The same queue topology drives the engagement loop. Celery beat runs six scheduled
jobs — daily 9am vaccine, deworming and prescription reminders, a midnight
pet-birthday job, a Saturday-evening “post a picture of your pet” nudge, a
Monday-morning credits reminder — and those fan out through reminders_cron
without ever touching the SMS-critical path.
Every vendor behind an env var
When I built the storage and email layers, I put every external vendor behind
configuration rather than wiring it into code. File storage went through
django-storages with custom PublicMediaStorage / PrivateMediaStorage
subclasses; whether we hit the CDN or the origin was a single USE_SPACES_CDN
toggle. The database host was a PROD_MODE switch between two config blocks. The
broker, the email backend — all env-driven.
At the time this just felt tidy. What it actually bought me showed up years later. In October 2025 I moved the platform’s file storage from AWS S3 to DigitalOcean Spaces and its transactional email from SendGrid to Resend. Two vendor migrations that, on a codebase wired the wrong way, are a rewrite and a scary weekend.
Here they were env changes:
# S3 → DigitalOcean Spaces: same S3Boto3 backend, new endpoint + keys
AWS_S3_ENDPOINT_URL=https://blr1.digitaloceanspaces.com
AWS_S3_REGION_NAME=blr1
USE_SPACES_CDN=true
# SendGrid → Resend: still SMTP, just a different host
EMAIL_HOST=smtp.resend.com
Rebuild the image for linux/amd64, promote it, done. I wrote a one-page deploy
runbook and moved on. No model changed, no view changed. An abstraction I put in as
an early-career reflex quietly paid for itself half a decade later.

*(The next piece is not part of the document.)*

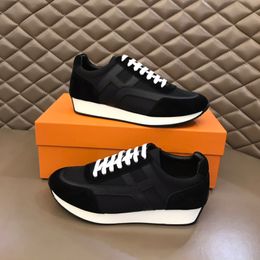 Moda Hombre Escape Casuals Zapatos Soft Bottom Running Sneaker Italia Banda elástica refinada Low Top Calfskin Designer Outdoor Striding Casual Athletic Shoes Box EU 38-45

Shipping fast, wearing five hats
I want to be honest about what this was: early-career, solo, full-stack, on a real deadline. I was designing the domain model and writing the React dashboard and standing up the Docker images and deciding how a groomer’s bill differs from a receptionist’s. The clinic domain core alone — Clinic, Doctor, Vaccine, Prescription, Bill, ShopBill, ShoppingCart, Groomer, GroomingBill and more — is one 882-line models file I owned end to end.
2021 was the heavy build year: 56 of the project’s 92 backend commits landed then — multi-clinic support, the wallet and cashback system, the per-queue Celery split. Then it settled. 2022 added in-app notifications mirroring the SMS reminders. In February 2023 I did one deliberate performance pass — and did it the right way round: added New Relic APM first, then used what it showed me to swap gunicorn’s sync workers for gevent and fix the querysets that were actually slow. Observability before optimization, not guessing.
I also kept the legacy top-level API routes (/auth/, /pets/, /doctor/) alive
alongside newer /v1/-namespaced endpoints, so already-deployed mobile clients
never got a forced breaking migration. Every one of those calls was mine to make —
I led the product, I did not just execute tickets against someone else’s spec.
What made it durable
None of the durability came from cleverness. It came from boring, maintainable tech; from putting every vendor behind config so change was cheap; from splitting work by urgency so the important path stayed fast; and from not breaking clients I had already shipped to. A team of one cannot afford heroics, so I optimised for the thing that lets one person walk away and come back years later to a system still running. In 2024 I got to test that directly: I walked away for a year, and the platform did not notice.